A Roldanillo, i residenti sono tornati in strade e negozi danneggiati per recuperare il possibile. Almeno due persone sono morte, tra cui il consigliere Juan Carlos García Castañeda, ucciso dal crollo di una parte di una palestra. Centinaia di abitazioni e attività commerciali sono state danneggiate, spingendo le autorità a dichiarare lo stato di calamità pubblica e a imporre un coprifuoco notturno. Senza elettricità né acqua corrente, molte famiglie hanno dormito all’aperto o in rifugi temporanei. I commercianti hanno setacciato le macerie alla ricerca di merce recuperabile, mentre fanno i conti con la perdita del proprio sostentamento.
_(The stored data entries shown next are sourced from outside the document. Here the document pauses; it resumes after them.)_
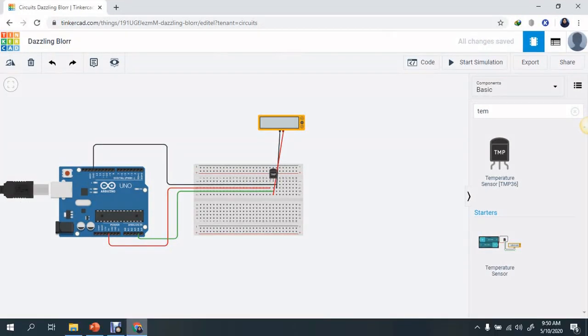Okay, now we have set up the circuit, but before we proceed to the coding, we need to see the theory behind this temperature sensor.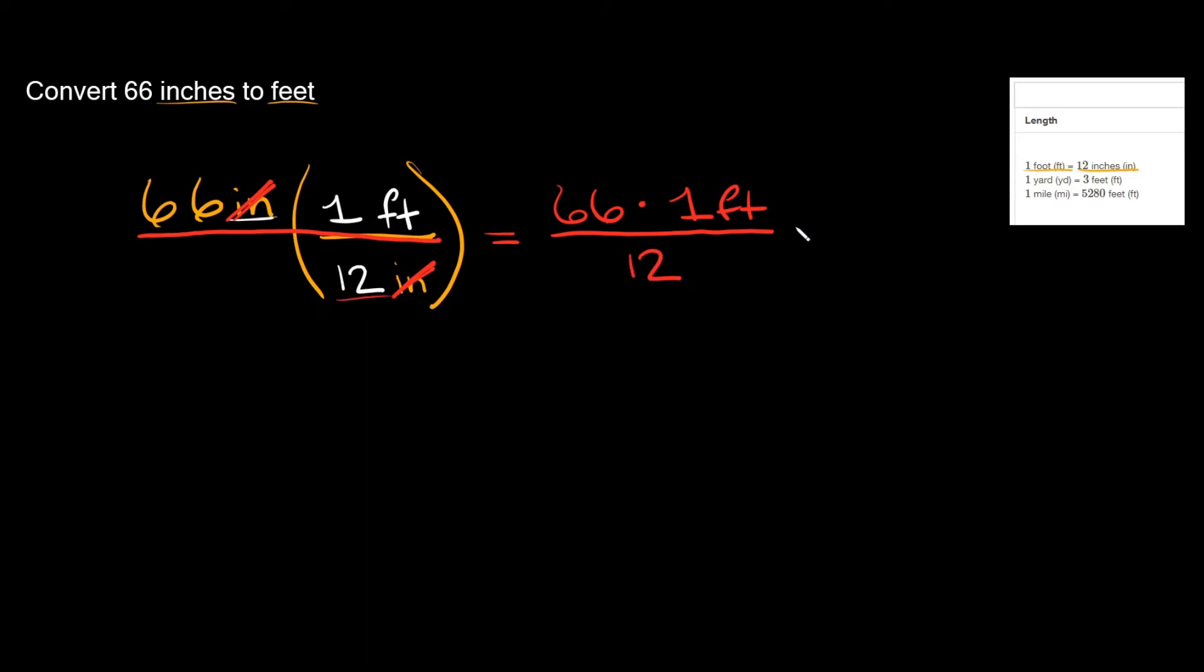So simplifying some things, 66 times 1 that's equal to 66 and then don't forget your units right there, feet, that's gonna go over 12.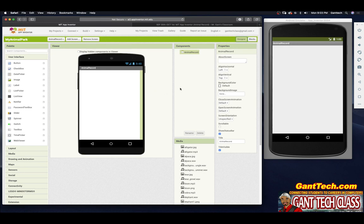So with this video, we are done with the home screen. In the next video, we will actually design out our Animal Record screen.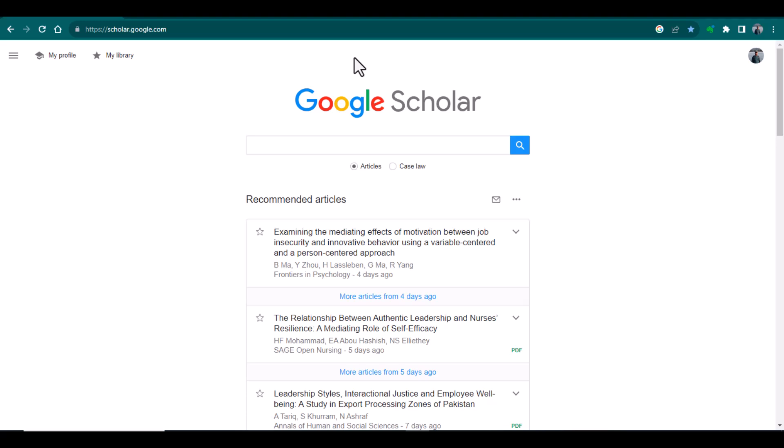Bismillahirrahmanirrahim. Hello everyone. Welcome to my journal research and analysis. My name is Dr. Kamral.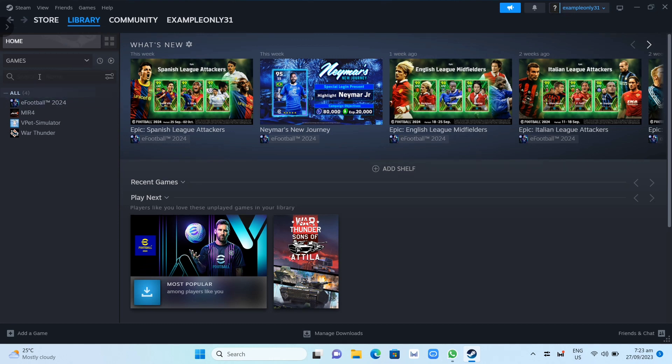Then you can go here on the search box to search the game or you can go here on game under the categories so you can choose the game and ready to play.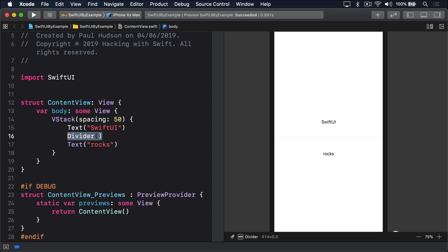By default, items in your stacks are aligned centrally. In the case of HStack, that means items are aligned to be vertically in the middle, so if you have two text views of different heights, they'd both be aligned to their vertical center.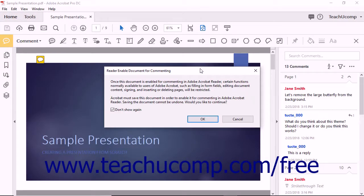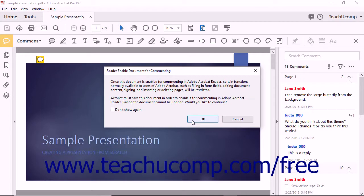A dialog box will launch and display information about saving the PDF. Read the information and then click the OK button.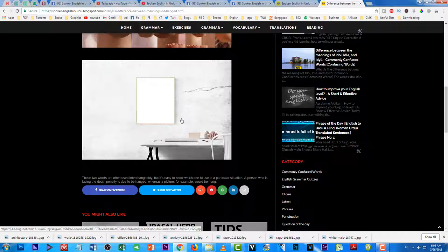Ek aur jagah 'hung' ka istemal hota hai third form mein: jab koi call kaatta hai toh us ke liye English mein phrasal verb 'hang up' use hota hai, jiska matlab hai call kaatna. Ab 'hang up' ki third form 'hanged up' nahi hoti — balke 'hung up' hoti hai (H-U-N-G). For example: 'He has hung up my call' — usne meri call kaat di hai.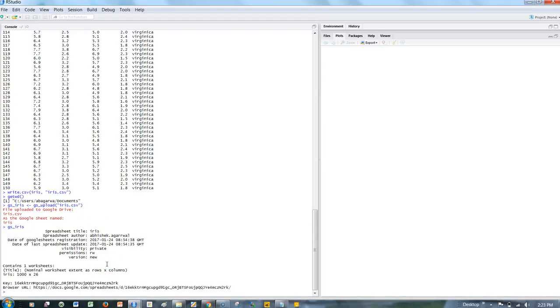That's how you can upload your CSV file or Excel file directly to Google Drive from the R interface. That's all I want to talk about in this video, and I'll meet you in a new video with a new topic.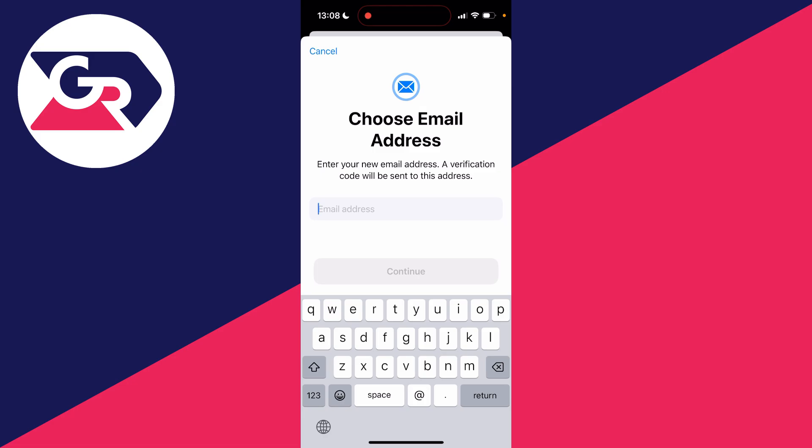Next, you're going to be sent a verification code to that email inbox. So go and get it and type it in. After you've entered the code, that's it - it'll then be changed. The next time you sign in, you'll be using that email.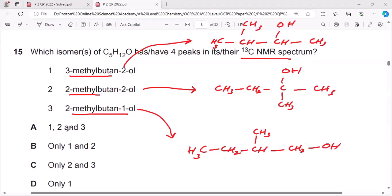Now we need to figure out the carbons having different environments in the first structure. This carbon and this carbon have the same environment, while this carbon has a different environment, and this carbon has a different environment. So these two carbons with the same environment give one peak, and each unique carbon gives its own peak.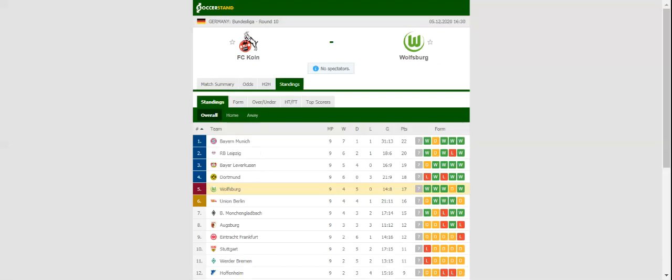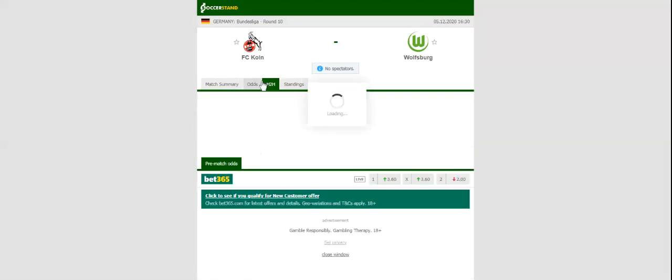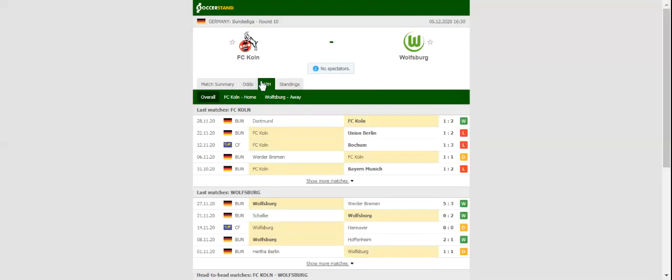A man to watch in the home team will be Tunisia international Ellyes Skhiri, who scored a brace against Borussia Dortmund. The Wolves, on the other hand, aim to extend their winning run in the Bundesliga to four games. Oliver Glasner's troops looked sharp in front of goal in a 5-3 win over Werder Bremen.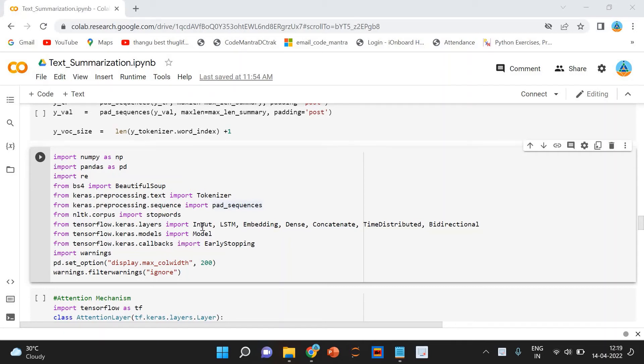The return sequence is equal to true. When the return sequence parameter is set to true, LSTM produces the hidden state and cell state for every time step.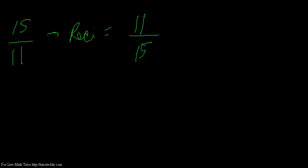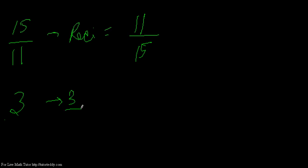Exact the opposite, or exact the upside down thing becomes the reciprocal. So what if I have a whole number, say 3? What will be the reciprocal of 3? Remember that 3 is actually as if we have 3 divided by 1. We don't write divided by 1 because 3 divided by 1 is 3 itself.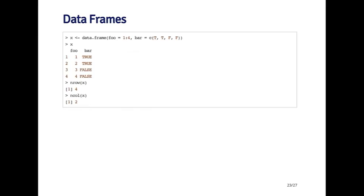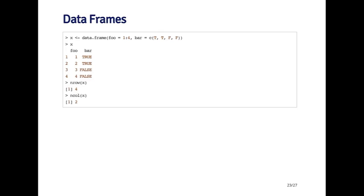So data frames can be created, besides using read.table or read.csv, you can use the data.frame function. And here I've created a very simple data frame where the first element, the first column is the foo variable, and the second column is the bar variable. The foo variable is an integer sequence from one to four, and the bar variable is a logical vector with two trues and two falses. So when I auto print the data frame out, you'll see it prints out the two columns. And here the row names, since I didn't specify any special row names, it just defaults to one, two, three, four, because there's four rows.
A El Cairo, cittadina di circa 7.000 abitanti vicino all’epicentro, le autorità riferiscono che circa l’80% delle case e degli edifici pubblici è stato danneggiato o distrutto. Frane, strade interrotte e scosse di assestamento hanno costretto molti residenti a rifugiarsi in alloggi di fortuna.
Il terremoto, che ha colpito il 10 agosto, ha lasciato le comunità di tutto il Valle del Cauca di fronte a una lunga opera di rimozione delle macerie e a una ripresa incerta. Le autorità regionali riferiscono che almeno 27 persone sono morte nei comuni del dipartimento al di fuori di Cali e che oltre mille abitazioni sono state danneggiate, mentre le valutazioni sono ancora in corso. Mentre nelle località più colpite proseguono le operazioni di ricerca e soccorso, i leader locali avvertono che il ripristino delle abitazioni, dei servizi e delle attività economiche richiederà mesi, se non anni.